Ondanks het ietwat latere vertrek, kwamen we op tijd aan bij de Europese Banking Federation (EBF). Het EBF is in 1960 opgericht met als doel de Europese bankensector stabiel en veilig te houden, zodat burgers, bedrijven en innovators hun dromen kunnen verwezenlijken. We kregen van CEO Wim Mijs een presentatie over het EBF, dat door 37 leden bestuurd wordt. Het EBF houdt zich onder meer bezig met kunstmatige intelligentie (navigatiesystemen; robotisering), betaalsystemen (PSD 2), bescherming van dataverkeer en de Bankenunie. Binnen het EBF zijn 32 nationale verenigingen van banken ondergebracht, waaronder ook de Nederlandse Vereniging van Banken (NVB). De meeste Nederlandse banken, zoals de ABN-AMRO en de Rabobank, zijn lid van de NVB. Bij het maken van beleid moet er rekening gehouden worden met de verschillende soorten banken en de politieke bescherming die ze kunnen genieten. In Duitsland en Italië genieten de banken een behoorlijke hoge bescherming van de politiek, terwijl dat in Nederland een stuk minder is. De Europese Banken staan op dit moment voor de uitdaging om voldoende ondersteuning te kunnen bieden aan het behalen van de klimaatdoelen van Parijs.
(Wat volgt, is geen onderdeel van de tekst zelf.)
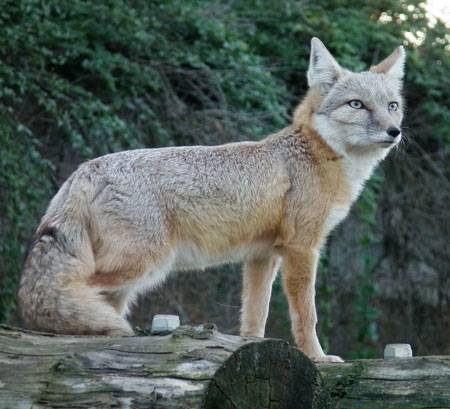 Корсак – степная разновидность лисицы, является хищником.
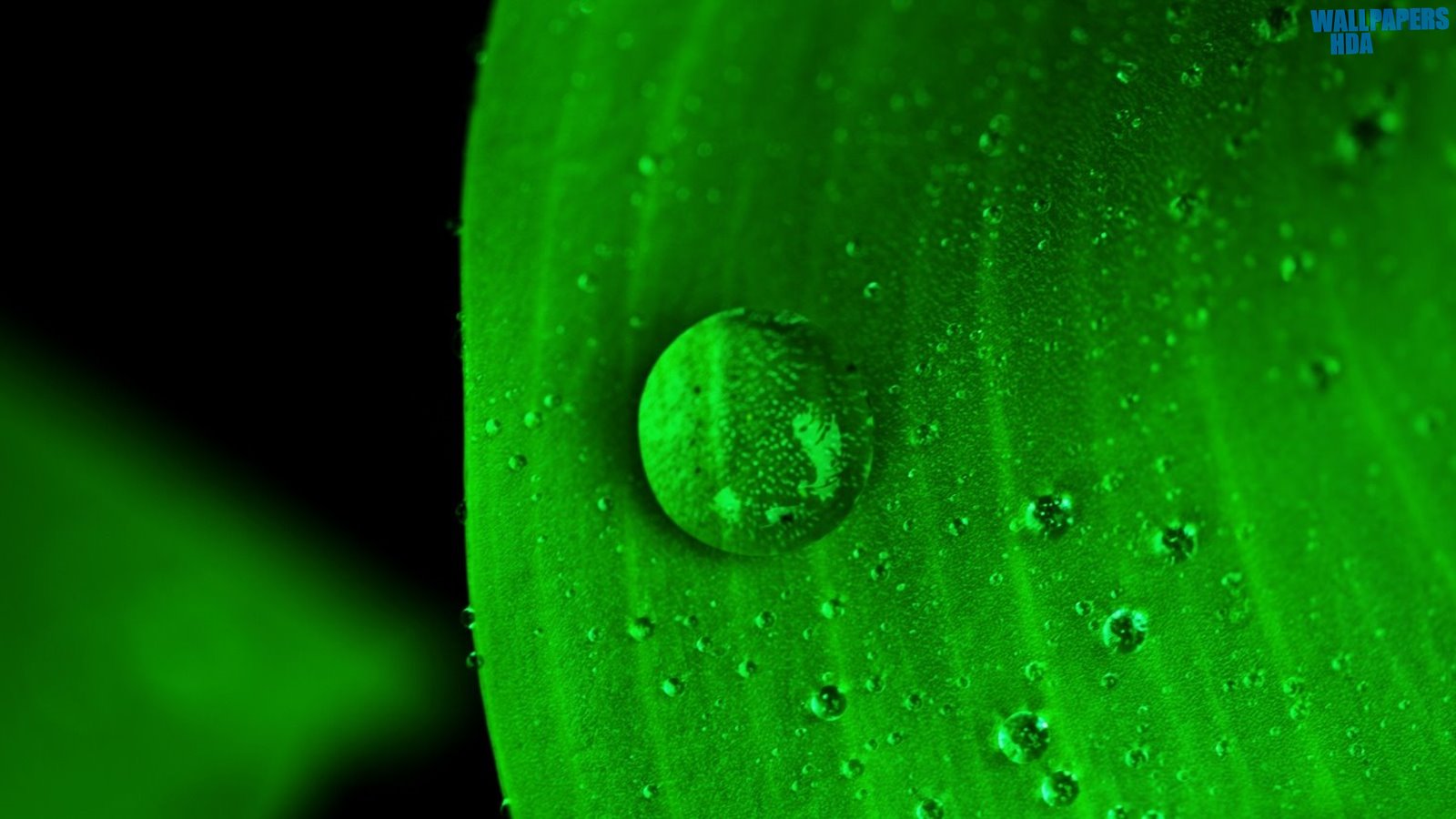 Water drop on green leaf wallpaper 1600x900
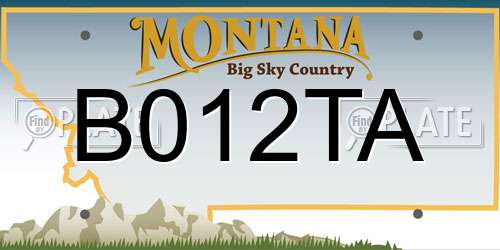 B012TA Montana License Plate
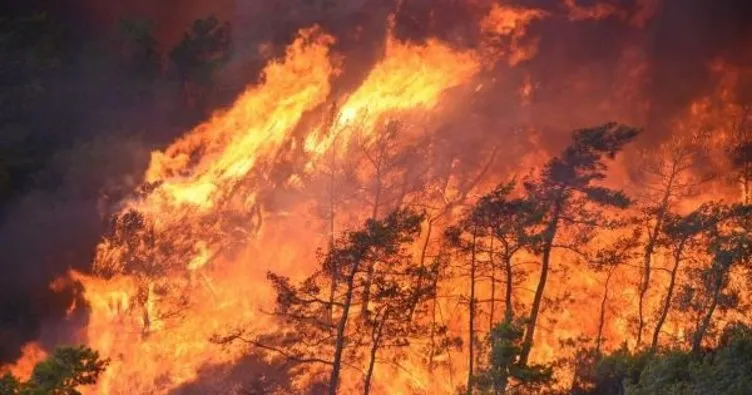 Marmaris’te yangın çıkmıştı: Alevlerin ilerlemesi böyle önlenmiş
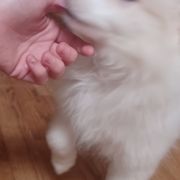 American Eskimo Dogs and Pomskies from House Snow: Kahleesie's Fireborn Pomskies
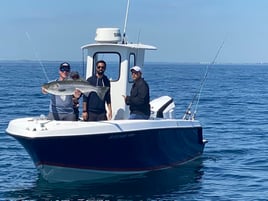 Trophy Striped Bass - Inshore Fishing Charter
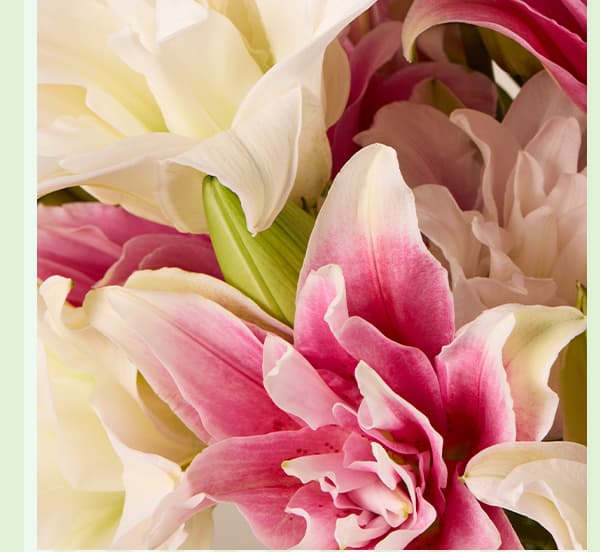 Image of rose lilies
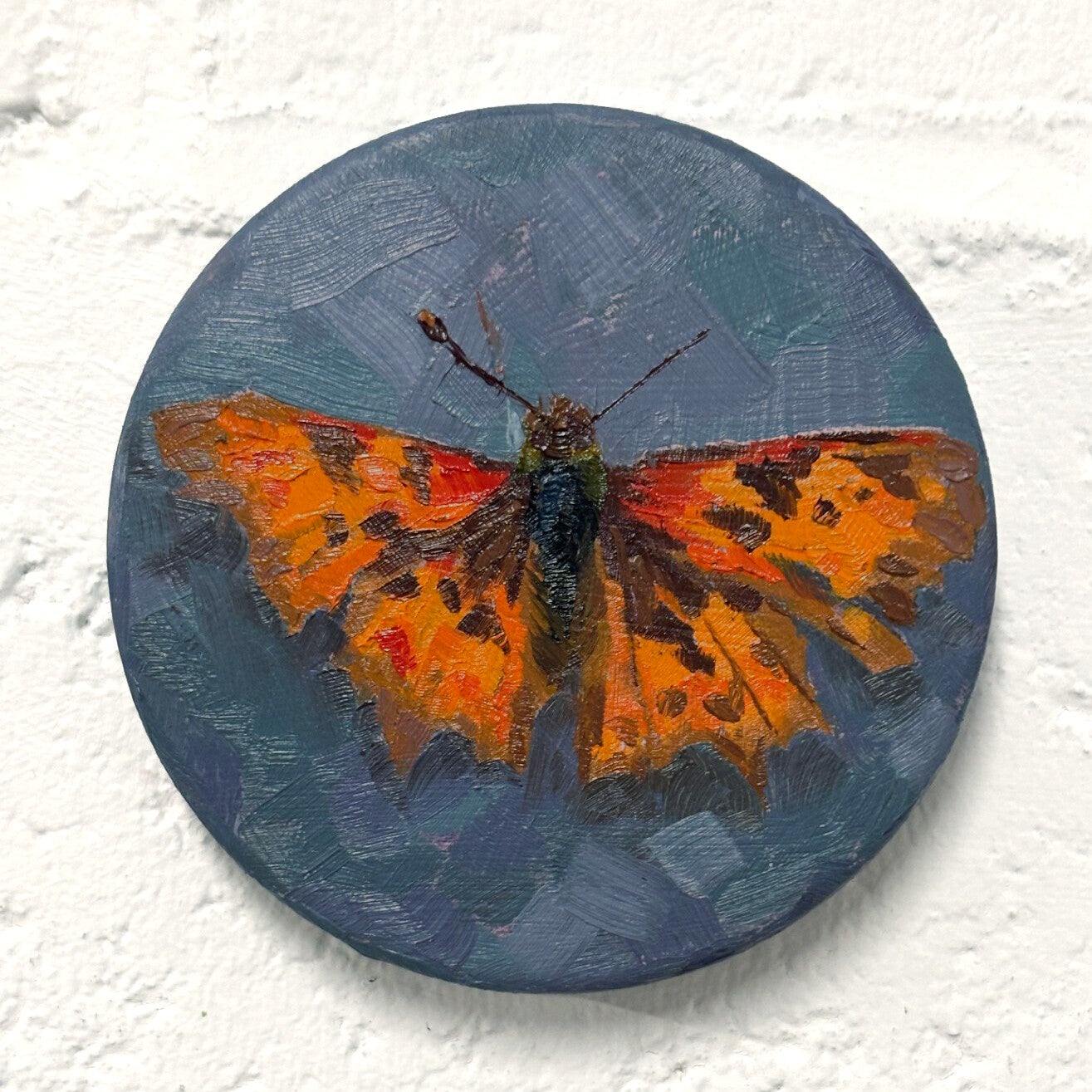 Polygonia C-Album - Oil on metal - Ø 8.6cm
Naar aanleiding van de economische crisis van 2008 is de bankenunie opgericht. Om te zorgen voor financiële stabiliteit in Europa, berust de structuur van de bankenunie op drie belangrijke pijlers:

  1. De Bankenunie houdt centraal toezicht op de 120 Europese Banken.
  2. Resolutieauthoriteit: de Bankenunie zorgt voor een snelle en effectieve oplossing wanneer een bank valt of om dreigt te vallen.
  3. Europese garantiefonds (depositiestelsel). De Bankunie ziet er op toe dat er voldoende deposito (geld) bij de banken aanwezig is, zodat een bank minder kwetsbaar is om te vallen.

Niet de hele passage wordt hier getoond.